DATA EXTRACT:
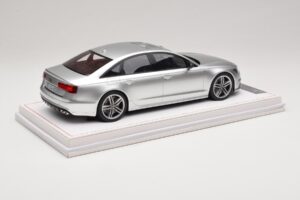Audi S6 C7 Florett Silver Metallic IVY Merit 1:18 REMC038 Resin — Bild 3 von 7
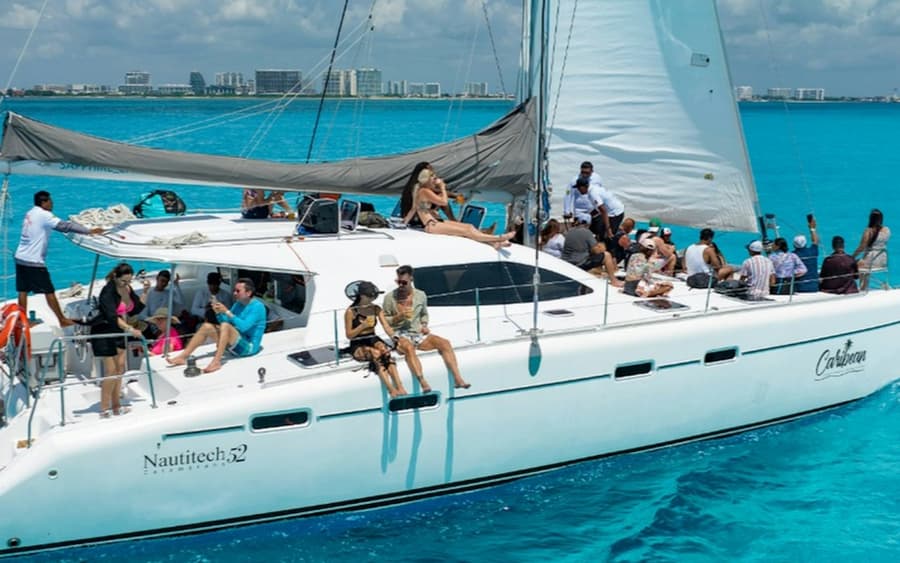 Cancun: Katamaraanikierros sukelluksella, puskapöydällä ja juomilla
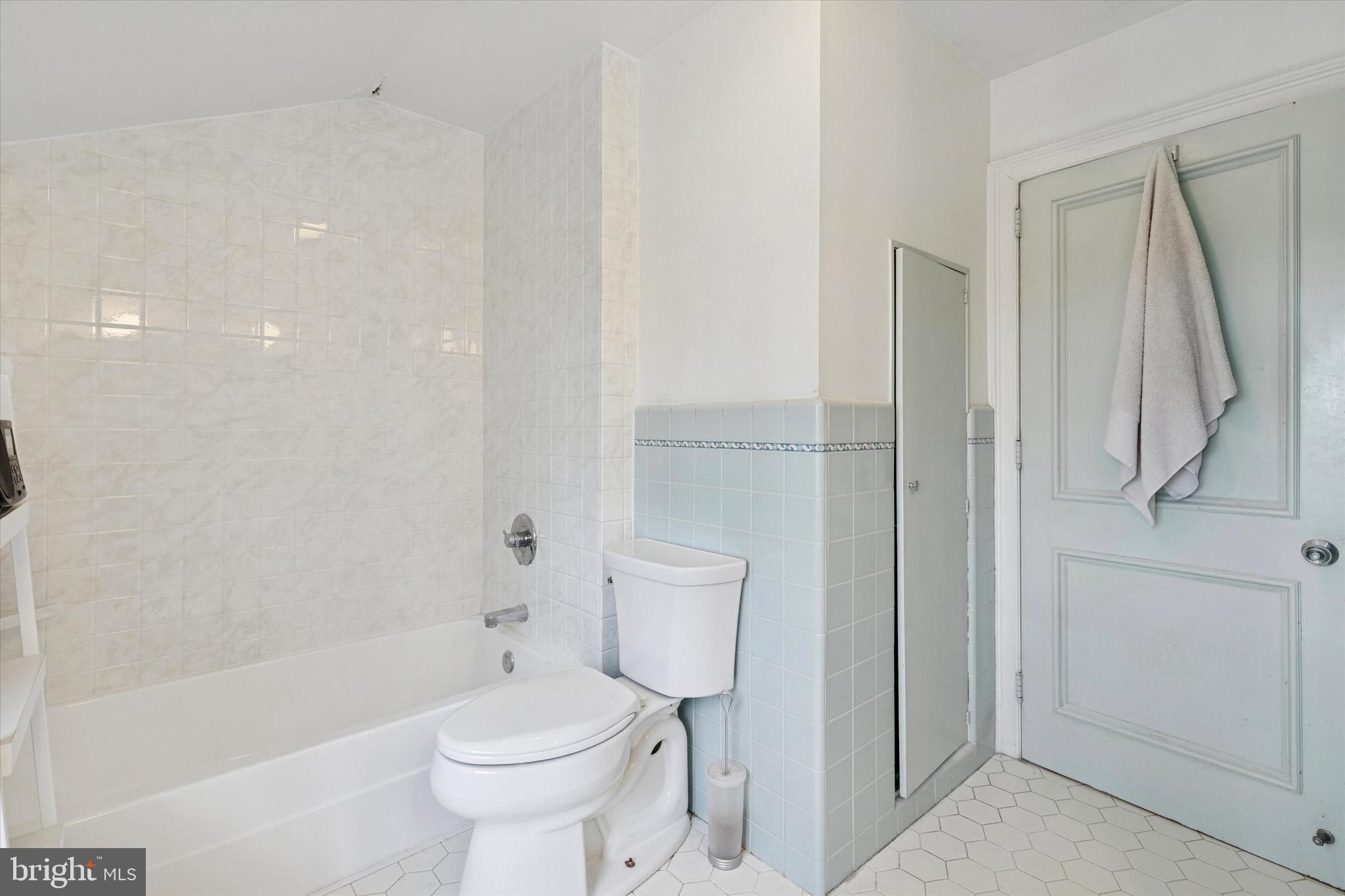 LAFAYETTE HILL - Residential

INSTRUCTIONS FOR THE TASK: Copy exactly what appears from the line holding "Cancun: Katamaraanikierros sukelluksella, puskapöydällä" to the end of the material, keeping both end lines. Pictures are not part of the copy.

ANSWER SPACE:
 Cancun: Katamaraanikierros sukelluksella, puskapöydällä ja juomilla
 LAFAYETTE HILL - Residential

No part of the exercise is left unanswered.